Diprion similis is a species of sawfly in the family Diprionidae. It is native to central and northern Europe and Asia but was accidentally introduced into North America where it has become invasive. The larvae feed on the needles of pine trees, especially those of the white pine (Pinus strobus). In North America it is known as the introduced pine sawfly or the imported pine sawfly. It is also known as the white pine sawfly because of its preference for feeding on the white pine, but this name is confusing because another sawfly, Neodiprion pinetum, whose larvae also feed on this tree, is itself known as the "white pine sawfly".

==Description==
The adult male is between 7 and 9 mm in length, black apart from the underside of the abdomen which is sometimes reddish-brown. Antennae are black and bipectinate (feather-like), and legs are yellow except for the trochanters and the base of the femora which are brownish-black. The female is between 7.5 and 10 mm long, with a black head and thorax and usually a yellow and black abdomen, although some individuals are dark. Antennae are black and serrate (saw-like), and legs are yellow with dusky bases.

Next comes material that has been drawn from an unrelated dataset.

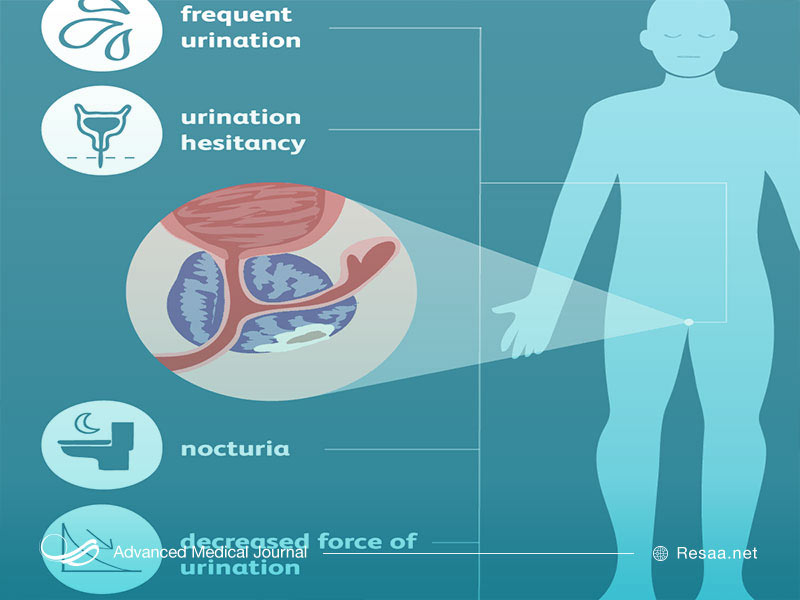 روش های درمانی سرطان مثانه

Larvae have black heads and resemble the caterpillars of lepidopterans. Females have six instars and males have five. The first three instars are yellowish-green, and the later instars have black longitudinal stripes with patches of yellow and white on a bluish and black background.

==Distribution==
D. similis is native to central and northern Europe (including Fennoscandia), Russian Siberia (as far as the Lake Baikal region), and China. It was first detected in North America in 1914 in Connecticut and has since spread to much of the eastern United States and Canada, wherever Pinus strobus is to be found. It feeds on other species of pine, but seems to favour P. strobus where it is available.

==Hosts==
In its natural range, the larvae feed on several species of pine including Pinus sylvestris, Pinus mugo, Pinus cembra and Pinus sibirica as well as such introduced species as Pinus strobus and Pinus contorta. In North America, as well as Pinus strobus, it feeds on Pinus resinosa, Pinus banksiana and P. sylvestris.

==Ecology==
Diprion similis is arrhenotokous, that is it exhibits a form of parthenogenesis in which unfertilized eggs develop into male offspring. Fertilised eggs develop in the normal way into male and female offspring, n = 14 for haploid males and 2n = 28 for diploid females. Adults emerge in spring or later in the year and are active for most of the summer. The female makes a slit in a pine needle with her ovipositor and lays about ten eggs. Unmated females can lay viable eggs and these develop into male offspring. Newly hatched larvae are gregarious but later stages live independently. They feed on the needles of the pine until ready to pupate. The first generation spin cocoon in July and emerge in August. The second generation tends to drop to the ground and spend the winter in a cocoon as a prepupa, pupating in the spring. Some may remain in a prepupal state for a longer period of up to three years.

Sawflies such as this species that have been introduced into North America have found little competition from native sawfly species and become invasive pests. They have few predators or parasites in the New World and their parthenogenetic abilities have allowed them to thrive.

Sawflies employ pheromones to attract the opposite sex and facilitate breeding. It has been found that the pheromone emitted by D. similis contains the (2S,3R,7R)-propionate form of the isomer of 3,7-dimethylpentadecan-2-yl as its main component, while Neodiprion pinetum, which also feeds on white pines, uses the (2S,3S,7S)-acetate isomer as its main constituent.